2364 wurde Picard zum Captain der neu in Dienst gestellten USS Enterprise-D. Während seines siebenjährigen Kommandos war er an 27 Erstkontakten mit fremden Zivilisationen beteiligt.

Hierbei traf er auch erstmals auf die Borg, die sich zur schlimmsten Bedrohung der Föderation entwickeln sollten. Während 2365 beim Erstkontakt die Enterprise noch fliehen konnte, verlief ein Jahr später das zweite Aufeinandertreffen deutlich dramatischer. Picard wurde von den Borg entführt und assimiliert. Als Locutus sollte er als Mittelsmann zu den Menschen dienen und deren Assimilation vereinfachen. Außerdem gelangten die Borg durch ihn an alle wichtigen Sternenflottentaktiken und –technologien. Dies führte zu der verheerenden Schlacht bei Wolf 359, bei der die Sternenflotte 39 von 40 Raumschiffen verlor. Die Crew der Enterprise schaffte es jedoch, ihren Captain in einer dramatischen Mission zu befreien und die Borg mit Hilfe eines Computerbefehls zu deaktivieren.

Nach der Zerstörung der Enterprise-D wird Picard auch Kommandant der Nachfolgerin, der USS Enterprise-E. Bei einem neuerlichen Angriff der Borg auf die Erde, konnte Picard die Borg-Königin töten und somit sein altes Trauma überwinden.

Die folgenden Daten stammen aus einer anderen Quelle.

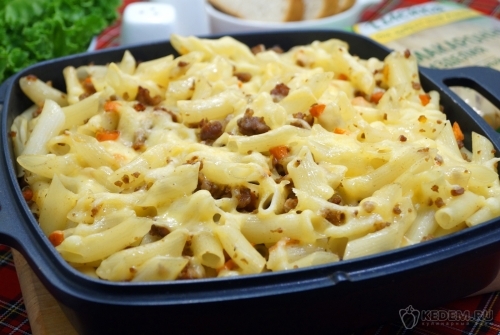 Макароны с фаршем и сыром в духовке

Im Jahre 2375 widersetzte sich Picard dem direkten Befehl eines vorgesetzten Offiziers. Durch seinen Widerstand konnte er jedoch das Volk der Ba'ku vor einer Zwangsumsiedlung retten und somit die Einhaltung der Obersten Direktive der Föderation bewahren (Star Trek – Der Aufstand).

Wenige Jahre später wurde Picard mit der Enterprise auf eine diplomatische Mission nach Romulus geschickt. Hier traf er auf seinen Klon, Shinzon, dem romulanischen Prätor und konnte diesen gerade noch rechtzeitig von einer Vernichtungsmission gegen die Erde abhalten. Allerdings musste er von seinem Zweiten Offizier Lt. Commander Data in letzter Sekunde gerettet werden, der bei diesem Einsatz zerstört wurde.

Picard und die Borg

Zu den einschneidensten Ereignissen in Picars Leben gehörte sicherlich die Entführung und Assimilation durch die Borg. Durch ihn gelangten sie an wichtige taktische und technologische Informationen über die Sternenflotte und konnten somit den vernichtenden Sieg in der Schlacht von Wolf 359 erlangen. Nach der Rettung durch seine Crew, konnten Picard zwar die Borg-Implantate wieder entfernt werden, er erholte sich aber psychisch nie ganz von diesem Trauma. Neben den erschreckenden Erinnerungen an seine Umwandlung in einen Borg, fühlte er sich vor allem verantwortlich für den Tod der vielen Sternenflottenangehörigen. Auch die Sternenflotte selbst reagierte vorsichtig auf Picard und hielt ihn bei dem neuerlichen Angriff der Borg absichtlich vom Kampfgeschehen fern. Durch eine direkte Befehlsverweigerung konnte Picard dennoch in den Kampf eingreifen und die Borg und ihre Königin besiegen. So rettete er nicht nur die Föderation, sondern konnte auch sein Trauma überwinden (Star Trek – Der erste Kontakt).

Privatleben

Picard hatte eine außerordentliche Vorliebe für Earl-Grey Tee. Daneben galt seine Liebe klassischer Literatur und Musik, sowie der Archäologie. Während seiner Zeit als Captain hatte er einige Affären, die sich jedoch allesamt nicht weiterentwickelten. Eine besondere Bedeutung hatte hierbei sein Verhältnis zur Schiffsärztin Dr. Beverly Crusher. Ihr Mann starb auf der Stargazer unter dem Kommando von Picard, der ihr und ihrem Sohn auch damals die Todesnachricht überbrachte. Sie machte ihn jedoch nie für den Tod ihres Mannes verantwortlich und wurde sogar auf seinem Schiff die medizinische Leiterin. Zwischen beiden entwickelte sich ein enges Verhältnis, aus dem sich jedoch nie eine Beziehung entwickelte. Dennoch gestand Picard Dr. Crusher, dass er in seiner Jugendzeit in sie verliebt war.